A logística continua tendo a mesma importância. O que mudou no dia a dia dos logísticos é que estamos passando pelo pior cenário de toda a história da logística brasileira. Nada se compara. As epidemias existem desde o início dos tempos; essa, no entanto, é a primeira que ocorre com informação em tempo real, que aos poucos aumenta a sensação de medo e pânico. O coronavírus inseriu um componente dramático na vida nacional. Veio o isolamento social e tome notícia ruim, uma atrás da outra. O problema é que as primeiras emergências adotadas não levaram em conta o funcionamento da logística. Apesar disso, o País não parou.

Como assim?

A questão básica é que quando as primeiras medidas foram tomadas, as pessoas se esqueceram da maneira como funciona uma cadeia logística. Não adianta determinar que alimentos, remédios e produtos de higiene são ítens essenciais, ao mesmo tempo em que ocorrem bloqueios em estradas, e ausência de serviços mínimos em funcionamento, como postos de serviços, falta de atendimento médico, borracharias sem trabalhar, horas e horas de viagem sem se ver um restaurante… . Se a indústria de embalagem não estiver produzindo, remédios e alimentos não vão sair das linhas de produção. A falta de um parafuso pode parar uma máquina; o delivery só vai distribuir refeições se o alimento chegar, e assim por diante.

Nessa situação, como a cadeia logística deveria ter sido considerada?

No primeiro dia útil após a decretação de calamidade pública nacional, 23.3.2020, a Abralog alertou que para enfrentar esse momento, era preciso deixar a logística trabalhar – e para isso se tornava urgente entender como funciona essa cadeia. A logística é um ambiente não-confinável. Grandes abastecedores têm de ser liberados para receber carga. Toda a produção está conectada, e ela depende da logística. A indústria não pode parar. Sem logística, o arroz não vai chegar em casa, assim como sem transporte, as fábricas não vão funcionar. A logística é muito mais do que colocar carga em cima do caminhão, trem, avião, barcaças fluviais ou nos navios da cabotagem. A cadeia logística começa na compra e manuseio da matéria prima, indo até ao produto acabado, que ainda tem de chegar aos pontos de venda e ao consumidor.

Que ações a Abralog tem tomado para auxiliar e informar o setor nesse momento?

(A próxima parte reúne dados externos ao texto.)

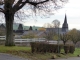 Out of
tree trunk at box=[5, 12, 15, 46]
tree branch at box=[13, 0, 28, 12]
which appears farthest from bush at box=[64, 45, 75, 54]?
tree branch at box=[13, 0, 28, 12]

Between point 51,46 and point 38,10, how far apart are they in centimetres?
512

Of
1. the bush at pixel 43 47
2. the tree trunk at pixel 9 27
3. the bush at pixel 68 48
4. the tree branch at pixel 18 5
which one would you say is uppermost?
the tree branch at pixel 18 5

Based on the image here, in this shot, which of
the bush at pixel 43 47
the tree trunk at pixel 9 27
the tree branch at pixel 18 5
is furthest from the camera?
the tree trunk at pixel 9 27

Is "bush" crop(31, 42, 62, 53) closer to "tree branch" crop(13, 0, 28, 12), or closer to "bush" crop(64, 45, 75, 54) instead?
"bush" crop(64, 45, 75, 54)

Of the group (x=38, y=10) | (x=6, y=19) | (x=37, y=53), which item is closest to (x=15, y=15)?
(x=6, y=19)

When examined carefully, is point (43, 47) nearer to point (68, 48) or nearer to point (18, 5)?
point (68, 48)

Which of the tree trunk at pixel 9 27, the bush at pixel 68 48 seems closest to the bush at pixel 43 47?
the bush at pixel 68 48

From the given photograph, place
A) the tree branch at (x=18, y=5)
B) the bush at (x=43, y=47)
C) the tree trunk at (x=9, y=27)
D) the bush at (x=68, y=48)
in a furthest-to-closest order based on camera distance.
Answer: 1. the bush at (x=68, y=48)
2. the tree trunk at (x=9, y=27)
3. the tree branch at (x=18, y=5)
4. the bush at (x=43, y=47)

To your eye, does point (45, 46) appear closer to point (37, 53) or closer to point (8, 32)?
point (37, 53)

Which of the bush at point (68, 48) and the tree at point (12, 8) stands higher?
the tree at point (12, 8)

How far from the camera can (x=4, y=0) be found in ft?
76.0

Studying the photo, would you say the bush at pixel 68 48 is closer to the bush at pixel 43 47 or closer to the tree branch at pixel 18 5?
the bush at pixel 43 47

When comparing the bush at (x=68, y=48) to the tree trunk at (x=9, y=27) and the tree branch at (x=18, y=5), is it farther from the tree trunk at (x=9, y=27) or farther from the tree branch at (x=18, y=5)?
the tree branch at (x=18, y=5)

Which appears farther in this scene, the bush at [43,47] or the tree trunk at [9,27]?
the tree trunk at [9,27] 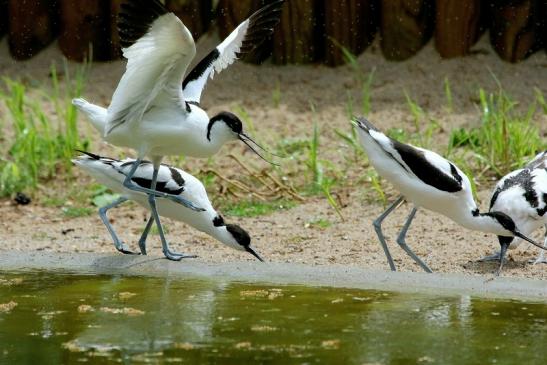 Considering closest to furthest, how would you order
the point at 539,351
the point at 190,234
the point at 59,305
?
1. the point at 539,351
2. the point at 59,305
3. the point at 190,234

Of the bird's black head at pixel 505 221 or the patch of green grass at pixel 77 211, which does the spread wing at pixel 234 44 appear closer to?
the patch of green grass at pixel 77 211

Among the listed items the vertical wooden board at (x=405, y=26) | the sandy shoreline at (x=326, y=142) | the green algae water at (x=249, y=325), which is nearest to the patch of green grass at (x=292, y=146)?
the sandy shoreline at (x=326, y=142)

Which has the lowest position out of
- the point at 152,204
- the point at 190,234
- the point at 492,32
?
the point at 190,234

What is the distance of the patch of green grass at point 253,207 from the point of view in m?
7.25

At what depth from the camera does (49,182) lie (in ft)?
25.4

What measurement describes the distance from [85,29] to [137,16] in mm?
4061

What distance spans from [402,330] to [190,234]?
10.2ft

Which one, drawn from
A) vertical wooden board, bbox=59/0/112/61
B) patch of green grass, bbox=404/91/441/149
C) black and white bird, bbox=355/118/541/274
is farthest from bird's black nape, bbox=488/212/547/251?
vertical wooden board, bbox=59/0/112/61

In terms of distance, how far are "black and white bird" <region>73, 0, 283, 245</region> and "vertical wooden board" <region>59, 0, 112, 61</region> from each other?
2.70 meters

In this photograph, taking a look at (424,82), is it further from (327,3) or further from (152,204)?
(152,204)

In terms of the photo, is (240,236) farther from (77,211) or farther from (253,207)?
(77,211)

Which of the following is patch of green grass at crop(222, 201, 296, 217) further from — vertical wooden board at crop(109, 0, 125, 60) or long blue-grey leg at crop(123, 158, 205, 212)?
vertical wooden board at crop(109, 0, 125, 60)

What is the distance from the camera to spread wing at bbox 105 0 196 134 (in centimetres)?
507

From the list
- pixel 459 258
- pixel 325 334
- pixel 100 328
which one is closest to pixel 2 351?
pixel 100 328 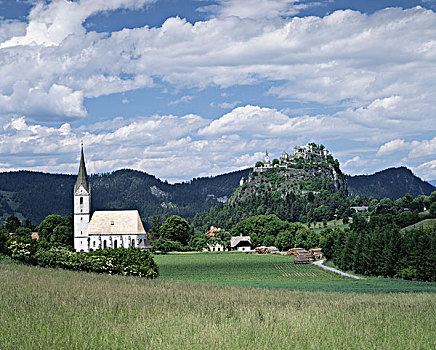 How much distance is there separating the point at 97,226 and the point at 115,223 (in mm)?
3961

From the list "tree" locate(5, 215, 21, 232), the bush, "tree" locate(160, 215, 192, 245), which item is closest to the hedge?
the bush

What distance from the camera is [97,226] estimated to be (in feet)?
371

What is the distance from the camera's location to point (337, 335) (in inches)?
402

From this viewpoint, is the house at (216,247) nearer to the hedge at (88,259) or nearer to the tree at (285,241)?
the tree at (285,241)

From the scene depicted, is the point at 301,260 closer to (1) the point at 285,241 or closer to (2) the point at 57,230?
(1) the point at 285,241

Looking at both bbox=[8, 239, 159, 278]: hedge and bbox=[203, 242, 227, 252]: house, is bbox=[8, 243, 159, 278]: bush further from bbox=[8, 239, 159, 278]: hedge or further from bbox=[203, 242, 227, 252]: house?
bbox=[203, 242, 227, 252]: house

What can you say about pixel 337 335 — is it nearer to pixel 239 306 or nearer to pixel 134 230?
pixel 239 306

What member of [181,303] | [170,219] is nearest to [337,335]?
[181,303]

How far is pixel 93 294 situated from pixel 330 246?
304ft

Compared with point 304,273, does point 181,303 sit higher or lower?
higher

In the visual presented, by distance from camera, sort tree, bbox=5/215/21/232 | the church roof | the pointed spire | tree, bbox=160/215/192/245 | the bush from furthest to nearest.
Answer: tree, bbox=5/215/21/232
tree, bbox=160/215/192/245
the church roof
the pointed spire
the bush

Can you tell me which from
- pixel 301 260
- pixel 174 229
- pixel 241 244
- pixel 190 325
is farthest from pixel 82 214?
pixel 190 325

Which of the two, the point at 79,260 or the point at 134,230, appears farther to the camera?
the point at 134,230

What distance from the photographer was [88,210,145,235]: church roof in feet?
370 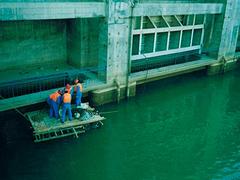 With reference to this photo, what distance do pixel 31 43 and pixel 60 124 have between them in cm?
553

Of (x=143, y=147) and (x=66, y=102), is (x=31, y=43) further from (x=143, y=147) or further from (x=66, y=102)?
(x=143, y=147)

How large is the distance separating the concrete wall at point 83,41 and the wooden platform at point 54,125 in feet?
13.7

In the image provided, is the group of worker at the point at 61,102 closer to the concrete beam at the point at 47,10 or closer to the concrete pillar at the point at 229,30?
the concrete beam at the point at 47,10

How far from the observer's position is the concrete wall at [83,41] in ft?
47.9

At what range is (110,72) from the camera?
13.6m

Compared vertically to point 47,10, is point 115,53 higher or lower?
lower

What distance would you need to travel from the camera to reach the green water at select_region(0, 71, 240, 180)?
9625 mm

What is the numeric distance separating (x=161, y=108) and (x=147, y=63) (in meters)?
3.84

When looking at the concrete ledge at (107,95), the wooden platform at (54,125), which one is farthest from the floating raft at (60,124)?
the concrete ledge at (107,95)

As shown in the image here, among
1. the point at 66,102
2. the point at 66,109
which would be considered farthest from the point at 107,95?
the point at 66,102

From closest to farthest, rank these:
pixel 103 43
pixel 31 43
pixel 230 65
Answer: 1. pixel 103 43
2. pixel 31 43
3. pixel 230 65

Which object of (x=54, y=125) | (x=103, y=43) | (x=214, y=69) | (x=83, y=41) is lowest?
(x=54, y=125)

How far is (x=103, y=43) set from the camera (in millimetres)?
Answer: 13133

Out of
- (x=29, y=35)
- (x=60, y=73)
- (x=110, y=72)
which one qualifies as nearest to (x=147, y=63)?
(x=110, y=72) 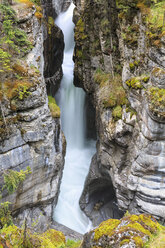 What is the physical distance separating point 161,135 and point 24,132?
22.3 feet

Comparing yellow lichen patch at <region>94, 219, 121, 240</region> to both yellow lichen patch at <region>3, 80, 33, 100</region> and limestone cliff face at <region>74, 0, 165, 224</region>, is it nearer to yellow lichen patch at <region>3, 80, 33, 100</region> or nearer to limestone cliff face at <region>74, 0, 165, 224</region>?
limestone cliff face at <region>74, 0, 165, 224</region>

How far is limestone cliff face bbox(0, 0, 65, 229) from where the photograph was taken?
10.2m

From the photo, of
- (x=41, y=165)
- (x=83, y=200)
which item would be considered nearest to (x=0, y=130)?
(x=41, y=165)

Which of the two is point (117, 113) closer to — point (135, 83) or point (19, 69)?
→ point (135, 83)

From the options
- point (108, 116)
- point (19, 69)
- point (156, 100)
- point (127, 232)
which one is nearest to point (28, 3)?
point (19, 69)

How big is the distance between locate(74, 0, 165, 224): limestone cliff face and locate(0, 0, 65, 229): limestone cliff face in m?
3.69

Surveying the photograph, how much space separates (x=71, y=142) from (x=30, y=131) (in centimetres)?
941

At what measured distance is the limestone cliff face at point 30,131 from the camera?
33.4 ft

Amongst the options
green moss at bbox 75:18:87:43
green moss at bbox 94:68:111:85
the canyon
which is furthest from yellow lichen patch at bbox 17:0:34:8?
green moss at bbox 94:68:111:85

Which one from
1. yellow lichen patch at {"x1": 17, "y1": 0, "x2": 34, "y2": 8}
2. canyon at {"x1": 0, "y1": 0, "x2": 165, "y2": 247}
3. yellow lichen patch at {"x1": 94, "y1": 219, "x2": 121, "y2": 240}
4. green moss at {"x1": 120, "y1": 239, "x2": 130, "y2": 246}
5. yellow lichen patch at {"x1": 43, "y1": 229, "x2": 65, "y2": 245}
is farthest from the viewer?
yellow lichen patch at {"x1": 17, "y1": 0, "x2": 34, "y2": 8}

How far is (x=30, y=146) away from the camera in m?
11.1

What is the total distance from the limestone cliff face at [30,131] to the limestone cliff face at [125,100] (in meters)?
3.69

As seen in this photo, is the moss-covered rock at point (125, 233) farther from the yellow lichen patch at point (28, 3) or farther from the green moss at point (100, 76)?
the yellow lichen patch at point (28, 3)

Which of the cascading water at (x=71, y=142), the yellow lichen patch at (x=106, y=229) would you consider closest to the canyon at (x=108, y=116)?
the cascading water at (x=71, y=142) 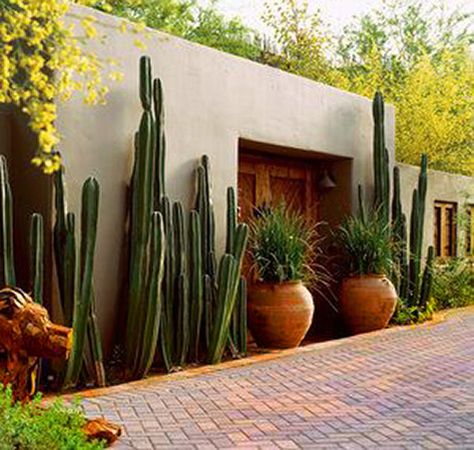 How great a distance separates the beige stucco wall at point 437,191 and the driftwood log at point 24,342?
8.57m

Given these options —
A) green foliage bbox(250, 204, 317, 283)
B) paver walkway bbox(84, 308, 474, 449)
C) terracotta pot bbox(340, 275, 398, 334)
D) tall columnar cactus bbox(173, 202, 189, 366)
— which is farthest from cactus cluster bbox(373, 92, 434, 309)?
tall columnar cactus bbox(173, 202, 189, 366)

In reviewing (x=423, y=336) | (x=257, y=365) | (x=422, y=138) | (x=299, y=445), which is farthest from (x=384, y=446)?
(x=422, y=138)

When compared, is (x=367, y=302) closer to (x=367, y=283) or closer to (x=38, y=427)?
(x=367, y=283)

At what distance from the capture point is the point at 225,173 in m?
8.57

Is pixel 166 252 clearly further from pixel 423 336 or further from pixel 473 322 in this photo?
pixel 473 322

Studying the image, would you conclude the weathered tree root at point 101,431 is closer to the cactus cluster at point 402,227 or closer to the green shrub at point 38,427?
the green shrub at point 38,427

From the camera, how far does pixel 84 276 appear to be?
643 centimetres

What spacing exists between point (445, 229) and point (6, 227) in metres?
10.2

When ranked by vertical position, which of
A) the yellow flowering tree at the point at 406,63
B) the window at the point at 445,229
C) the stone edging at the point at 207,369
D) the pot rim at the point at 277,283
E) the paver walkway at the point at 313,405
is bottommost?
the paver walkway at the point at 313,405

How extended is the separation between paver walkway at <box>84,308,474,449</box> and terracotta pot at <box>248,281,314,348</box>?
0.40m

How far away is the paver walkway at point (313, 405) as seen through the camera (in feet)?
16.4

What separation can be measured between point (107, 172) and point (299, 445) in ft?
10.9

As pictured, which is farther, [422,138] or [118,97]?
[422,138]

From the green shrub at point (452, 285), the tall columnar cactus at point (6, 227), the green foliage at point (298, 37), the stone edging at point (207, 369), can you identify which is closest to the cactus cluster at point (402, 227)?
the stone edging at point (207, 369)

Vínhamos acompanhando o coronavírus desde o final do ano passado. Quando surgiu o primeiro caso no Brasil, voltamos a instalar o Comitê de Acompanhamento de Crises, que foi inaugurado durante a greve dos caminhoneiros. Nossa primeira preocupação era justamente o fato de o Brasil não ter a noção de como é, e como funciona, a cadeia logística de abastecimento.

Como a logística ­ajuda a população a encarar o momento atual?

A população já consegue entender o valor da logística. Aliás, isso é recente e começou com a greve dos caminhoneiros, que parou o País. Agora, com o isolamento social forçado, a população viu, que além do trabalho excepcional dos profissionais da área de saúde, havia também a ação solidária, profissional e destemida, dos integrantes da cadeia logística, que estão na linha de frente, nas trincheiras, como os caminhoneiros, quem trabalha nos centros de distribuição e armazenagem de produtos, os policiais e fiscais, enfim, é aquela frase que ficou famosa – “os que estão nas ruas e estradas, para que todo o resto da população possa ficar em casa”.

Como será a logística depois da crise?

Imagino que o setor sairá desse pesadelo aliviado e extremamente orgulhoso do trabalho realizado. Será como se comemorássemos o fim de uma grande guerra. A logística desse pós-guerra deve se dar com jeito de recessão; seguramente haverá de se reconstruir estruturas empresariais e de serviço que venham a se desfazer pela crise do coronavírus – a carteira de clientes, a saúde financeira das empresas afetadas, enfim, um começar de novo.

Haverá, então, muito trabalho pela frente, não vai ser possível um relaxamento…

 Em hipótese alguma. Logística é como notícia: ao ser divulgada, já começa a ficar desatualizada e outras precisam ser escritas.

Agora em agosto, vamos ter a Intermodal 2020, e a XXIII Conferência Nacional de Logistica, da Abralog, que foram postergadas pela crise. Que papel esses eventos vão ter?

Acredito que a Intermodal e a CNL, esses eventos, que são mais importantes da América do Sul nas áreas de logística, transportes e comércio exterior, vão servir para um grande e solidário encontro de combatentes dessa guerra. A reconstrução do que foi perdido vai passar pelas atrações da feira e da conferência. O show não pode parar.